Comparing the station with the surrounding architecture, a small eighteenth-century church and several well-kept Victorian houses, wasn’t really fair. It would be like comparing a plastic stacking chair with Chippendale furniture. This was definitely the stacking kind of architecture. He checked his reflection in the window of an electrical retailer’s, too late to worry really. Hair a bit wild though. He smoothed it down.
Reaching for the handle of the tinted glass door of the station he hesitated just a fraction — new job, new era, new life, new crew, new town, new day — then walked inside.
The desk officer buzzed him through the next door. ‘Morning, sir, they’ll be expecting you.’ Just the slightest hint of doubt in his baritone. ‘Will you find your own way …?’
He nodded and the desk officer gratefully returned to what he’d been doing, far too busy to nursemaid freshly minted detective inspectors.
McLusky remembered his way to CID from his interview though he hadn’t met many of his new colleagues at the time since most had been off sick with some sort of virus.
Inside, too, the station was undeniably sixties or seventies. Recently refurbished, the super had said. He’d just have to take his word for it. The place was busy, the stairs echoing like a tunnel with footsteps and voices. Eight forty: he was early, his meeting with Superintendent Denkhaus was not until nine. Straight into the CID room and he instantly felt at home. CID rooms were CID rooms: desks, waste baskets, computer screens, phones — several with detectives attached to them — maps of the force area and city centre on the walls, whiteboard, noticeboard, fax machine, photocopier and kettle. The windows were firmly closed against the noise of the traffic below. The place smelled of printer ink, cheap aftershave and deodorant overwhelmed by sweat.
One man looked up, frowned, then tried for a smile and got up. ‘Inspector McLusky, sir? I’m DS Austin.’ He stretched out a broad and darkly hairy hand.
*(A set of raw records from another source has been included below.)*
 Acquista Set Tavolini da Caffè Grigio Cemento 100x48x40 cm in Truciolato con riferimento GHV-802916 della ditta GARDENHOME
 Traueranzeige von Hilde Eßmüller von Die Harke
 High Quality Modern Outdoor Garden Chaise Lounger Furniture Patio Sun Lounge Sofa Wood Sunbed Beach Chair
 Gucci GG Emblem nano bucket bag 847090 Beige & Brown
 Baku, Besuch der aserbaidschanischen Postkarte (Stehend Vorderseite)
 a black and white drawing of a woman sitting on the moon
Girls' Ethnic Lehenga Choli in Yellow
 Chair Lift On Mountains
McLusky shook it. The whole man was darkly hairy and broad, probably worked out. Intelligent, open eyes, blinking fast. The soft Scottish accent sounded like Edinburgh to him, but he was no expert. ‘Welcome to Albany. Ehm, your office, sir, is just along here.’
His office. He’d never had his own office. He’d not been a DI long enough for them to even find one for him in Southampton before the bastards rammed him off the road. Then came back and ran him over as he staggered from his car.
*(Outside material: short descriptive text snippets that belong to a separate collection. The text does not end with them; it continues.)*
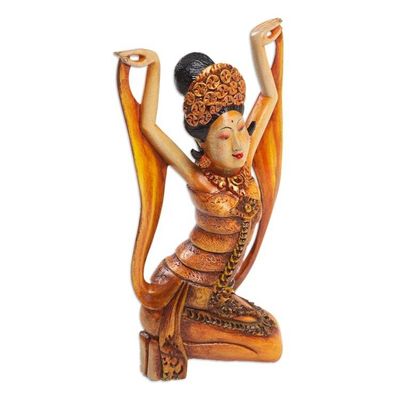Alternate image for Crocodile Wood Dancing Sculpture from Bali Oleg Tamulilingan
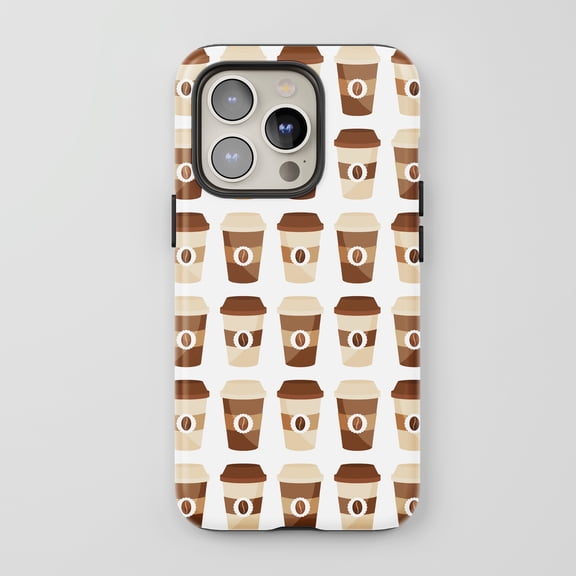 Coffee Cup Pattern For All iPhone Series Protective Phone Case Cafe Theme Brown Beige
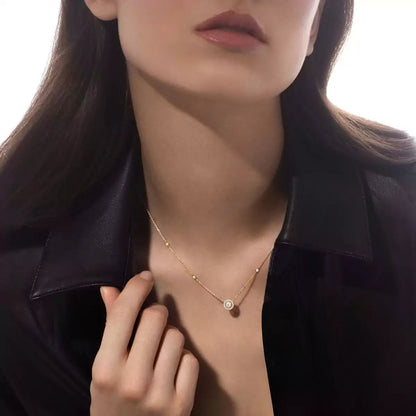 [LUXE]Diamond Necklace 0,20ct Brilliant Shape Joy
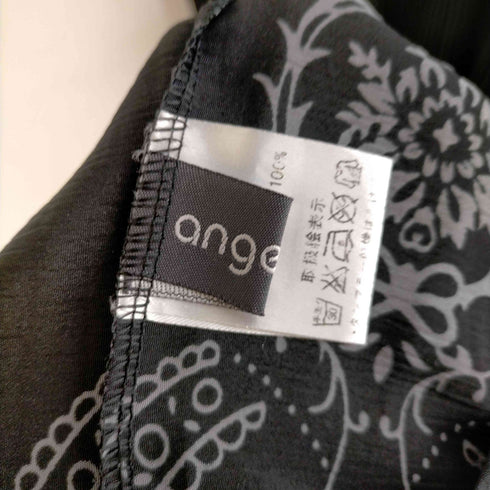 エンジェルプラス angelplus 総柄ノースリーブプリーツワンピース レディース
Austin led the way back into the corridor and to a door right at the end. ‘You’re taking over from DI Pearce, it’s his old office.’
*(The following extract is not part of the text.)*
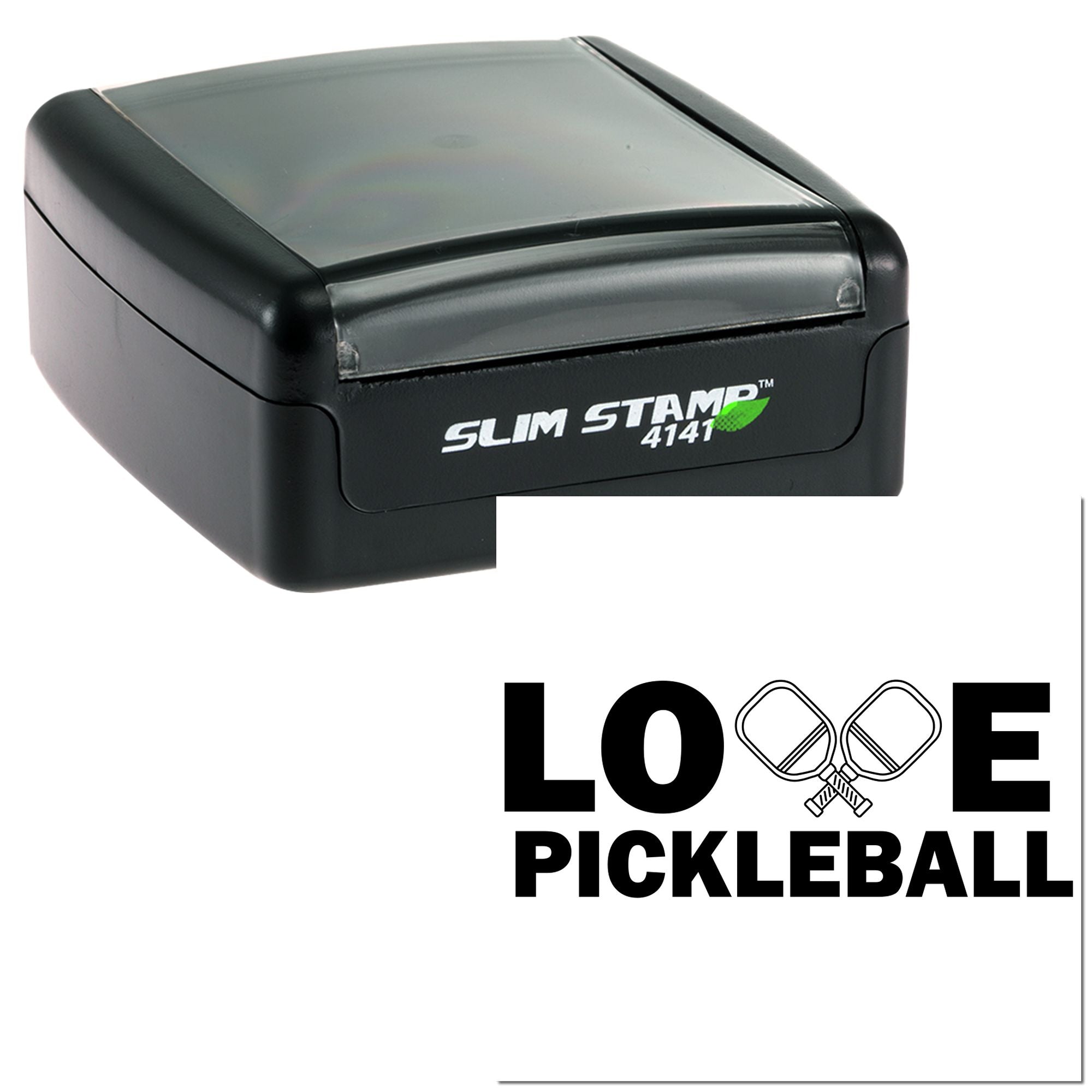 Custom pickleball rubber stamp with Love Pickleball logo, self-inking slim stamp for sports branding and packaging.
McLusky had read about Pearce, a bent copper, currently on the run with a goodly amount of drug money, probably in Spain. Enjoy it while you can. Spain was no longer a safe hiding place.
He walked straight in. It was about the size of the box room in his new flat — space for second midget here — and smelled aggressively of cleaning products. It contained a dented filing cabinet, two chairs, an empty bookshelf, a metal dustbin and a small battered desk. The window faced out the back overlooking graffiti-covered walls, chaotic pigeon-shit rooftops and the shadowy backs of houses. In the middle distance, between tall buildings, he glimpsed a sliver of the harbour. Apart from in- and out-trays, monitor, keyboard and phone he’d been furnished with a set of car keys sitting on a form for him to sign and an envelope lying across the keyboard which he knew would contain the gaff he needed to log on to the computer.